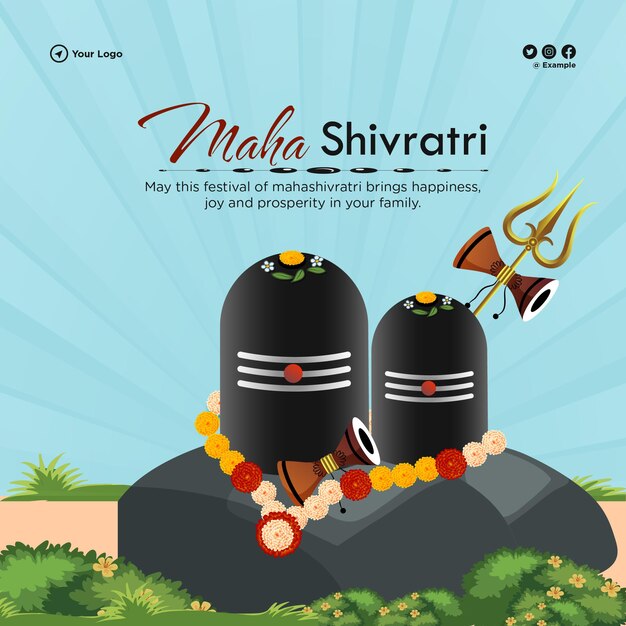 Banner design del modello di festival indù indiano maha shivratri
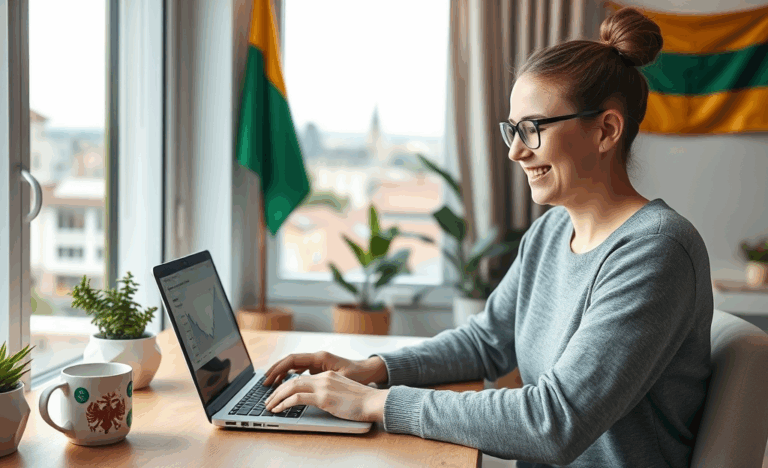 Žmogus naudojantis kompiuterį skaitmeniniam kreditui patvirtinti.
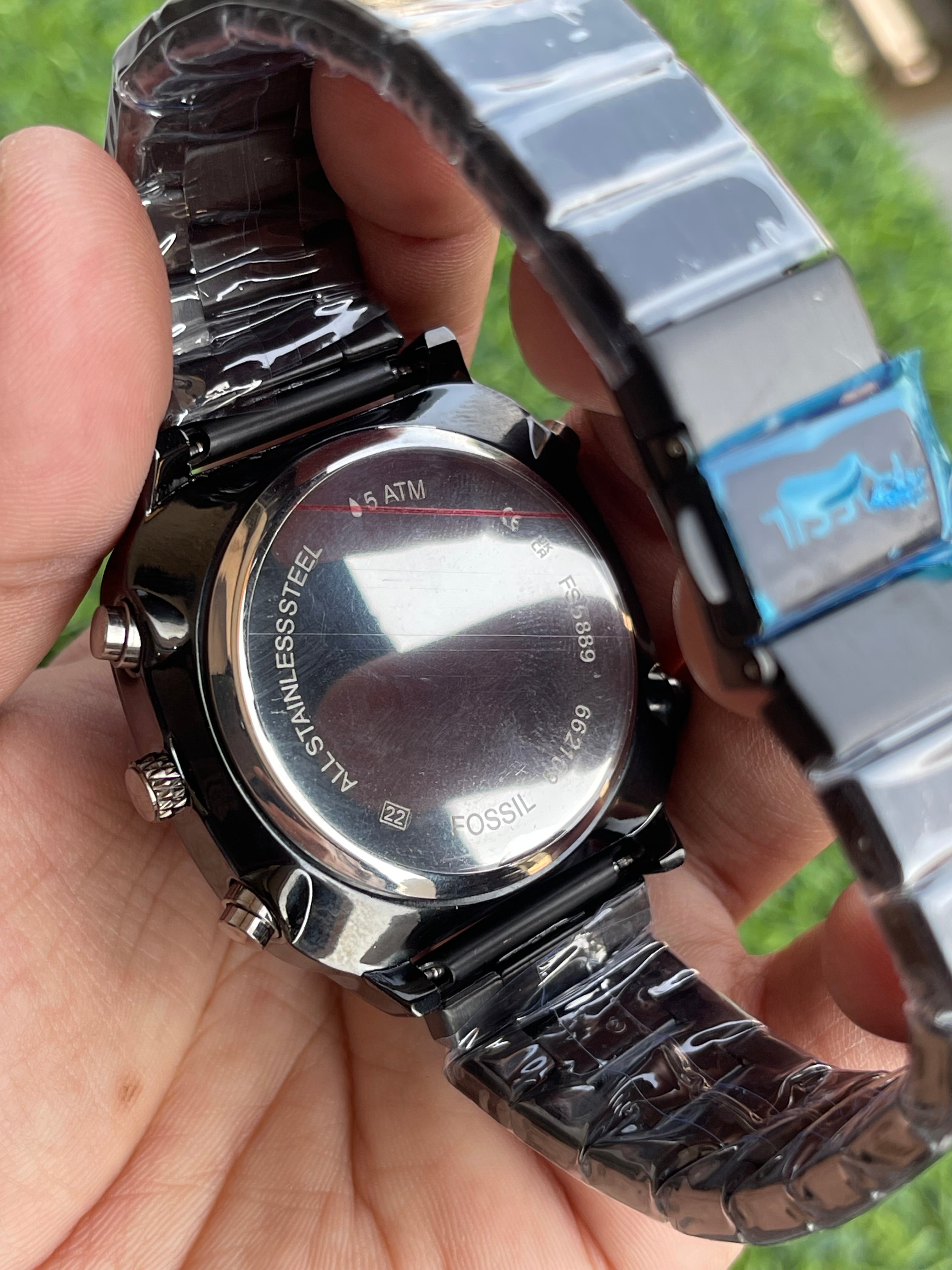 RC Fossiil Dual-Time Digital–Analog Watch – Black Edition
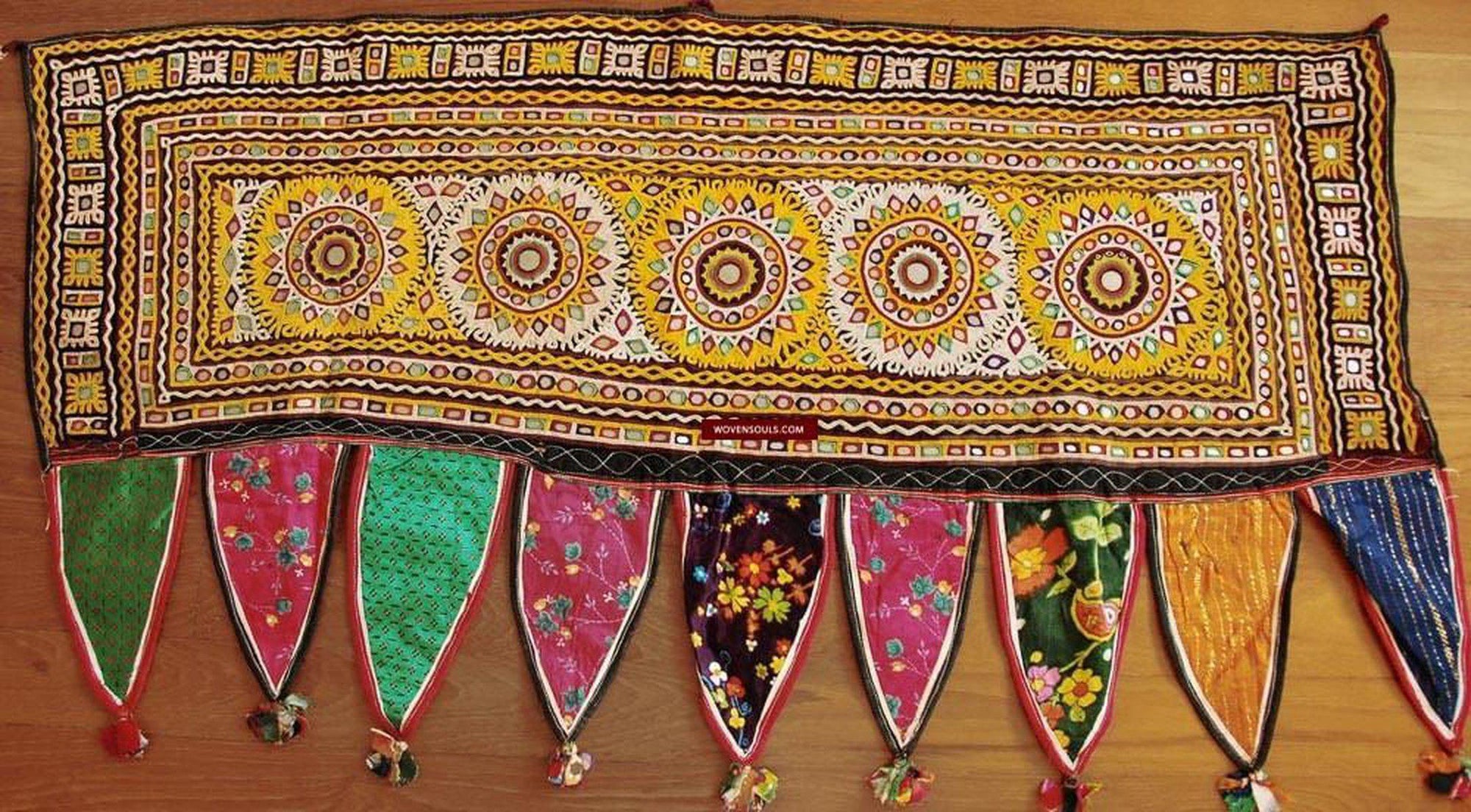 SOLD Old Gujarat Rabari Embroidery Toran-WOVENSOULS-Antique-Vintage-Textiles-Art-Decor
########
Every line above is to be given again exactly, apart from the pictures.

▶ TASK RESPONSE
 Banner design del modello di festival indù indiano maha shivratri
 Žmogus naudojantis kompiuterį skaitmeniniam kreditui patvirtinti.
 RC Fossiil Dual-Time Digital–Analog Watch – Black Edition
 SOLD Old Gujarat Rabari Embroidery Toran-WOVENSOULS-Antique-Vintage-Textiles-Art-Decor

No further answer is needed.